I have been thinking of you all today.

Little nuggets have been erupting in my grey matter as I recall the experiences of the past 20 years. Wish I had taken notes over time. Maybe you should do that. It will help you. Journal if you can. Share your experiences and thoughts.

I would be deeply grateful if you would share those experiences with me.

Face the fact that the addicted individual is sick, and that he makes everyone in his sphere of influence and love equally sick. Everyone becomes sick.  But there are ways to avoid getting totally sucked into their illness.
            In our family we have suffered every phase of rescue options. We have made use of many treatment facilities. We have learned valuable information, good teaching, good support from friends and family…and, at times,  we have turned right around and NOT applied what we know to be good sound responses to the problem of addiction in our family.
            We have given money, time, fixed problems, bailed out, catered to, exploded, had crying fits, pulled our hair, ran our legs off, prayed…a lot, swallowed our pride, been embarrassed, at times have become isolated from normal activities with friends and family, taken meds for anxiety, ….you name it.
            The person with the drug and alcohol problem doesn't suffer nearly as much
            Why?
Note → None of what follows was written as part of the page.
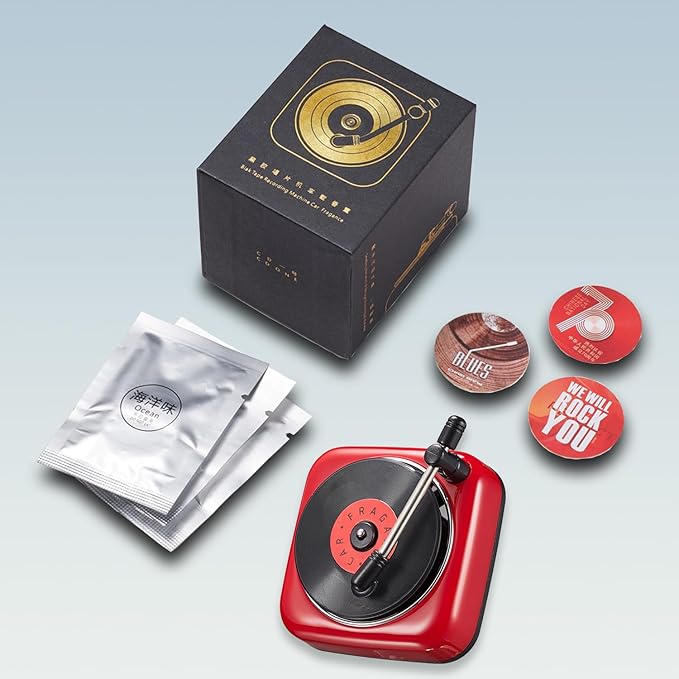 Car Record Player Air Diffusers Car Scents Air Freshener for Air Conditioning Outlet Clop Vent Clips Red, Mens Car Accessories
Because HE or SHE isn't aware or experiencing the stress of those days and moments of inebriation or drug relapses.
            Heck. Life is good (they think) for the addicted one, then. That person is unconscious, daffy, irrational, selfish, or plain half dead. There are no feelings of anxiety there…
            We are the wreck.
             We suffer, feel trapped, sorrow, run to one ER room after another, hoping  (he or she) doesn't kill someone else while driving under the influence.
            Face the fact that you are in this situation for a long haul. It's a process. And the process begins with YOU. You need to get fixed…Yes, the addict sure needs fixing, but the only one who can be fixed is you. IF you are a FIXER, its time to know that you cannot fix another person. You can only fix yourself..
             In fact, God is really the only one who can fix you, but you need to be aware and open to that fact. You need the God inspired help of others and you need direction. A map. And that map is for you.

            I recommend strongly that any relative or friend touched by the addiction of a loved one go to Al Anon or Narc Anon to learn how to live through this painful experience called ADDICTION.
            That's your place to go to learn to cope; with others in the same boat.